**PROBLEM**
Below are records; transcribe only the line with "On the Ferrari" and those after it, through the last line, without any change.

Saved data entries:

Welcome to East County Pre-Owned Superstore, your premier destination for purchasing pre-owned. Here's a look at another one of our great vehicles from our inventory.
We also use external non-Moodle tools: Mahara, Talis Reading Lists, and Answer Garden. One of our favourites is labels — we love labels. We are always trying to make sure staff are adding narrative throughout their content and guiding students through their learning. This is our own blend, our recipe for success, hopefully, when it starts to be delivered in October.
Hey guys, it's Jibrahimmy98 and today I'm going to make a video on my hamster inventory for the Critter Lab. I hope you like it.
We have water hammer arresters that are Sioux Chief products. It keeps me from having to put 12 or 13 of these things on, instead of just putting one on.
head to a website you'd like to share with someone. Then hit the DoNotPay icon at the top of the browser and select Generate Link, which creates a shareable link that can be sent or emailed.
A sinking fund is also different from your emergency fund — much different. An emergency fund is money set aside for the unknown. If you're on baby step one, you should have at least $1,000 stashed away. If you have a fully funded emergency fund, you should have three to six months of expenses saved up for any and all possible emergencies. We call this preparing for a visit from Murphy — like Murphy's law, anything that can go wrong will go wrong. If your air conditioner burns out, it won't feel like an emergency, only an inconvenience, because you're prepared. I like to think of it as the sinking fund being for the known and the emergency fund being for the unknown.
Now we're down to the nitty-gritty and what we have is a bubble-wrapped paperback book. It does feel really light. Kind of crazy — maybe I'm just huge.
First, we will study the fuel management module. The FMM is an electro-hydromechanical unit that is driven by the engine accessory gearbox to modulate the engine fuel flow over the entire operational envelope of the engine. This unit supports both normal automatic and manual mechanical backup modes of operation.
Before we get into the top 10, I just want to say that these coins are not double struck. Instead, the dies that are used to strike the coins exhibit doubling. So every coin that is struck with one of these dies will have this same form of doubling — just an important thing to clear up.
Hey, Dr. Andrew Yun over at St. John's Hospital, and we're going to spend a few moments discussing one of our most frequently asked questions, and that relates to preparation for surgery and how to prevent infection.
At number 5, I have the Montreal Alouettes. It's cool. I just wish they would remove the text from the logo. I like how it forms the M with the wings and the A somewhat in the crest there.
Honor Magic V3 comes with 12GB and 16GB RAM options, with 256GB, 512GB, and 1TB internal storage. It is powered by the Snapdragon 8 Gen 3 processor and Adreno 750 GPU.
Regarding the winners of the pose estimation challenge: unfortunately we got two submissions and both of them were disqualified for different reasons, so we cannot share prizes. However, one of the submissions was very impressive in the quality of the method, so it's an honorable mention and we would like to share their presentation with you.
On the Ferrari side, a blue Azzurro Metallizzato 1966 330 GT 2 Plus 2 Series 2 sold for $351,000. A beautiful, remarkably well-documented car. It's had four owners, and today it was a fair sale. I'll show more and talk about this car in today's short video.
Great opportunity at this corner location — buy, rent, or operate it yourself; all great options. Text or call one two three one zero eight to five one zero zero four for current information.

**EXERCISE RESPONSE**
On the Ferrari side, a blue Azzurro Metallizzato 1966 330 GT 2 Plus 2 Series 2 sold for $351,000. A beautiful, remarkably well-documented car. It's had four owners, and today it was a fair sale. I'll show more and talk about this car in today's short video.
Great opportunity at this corner location — buy, rent, or operate it yourself; all great options. Text or call one two three one zero eight to five one zero zero four for current information.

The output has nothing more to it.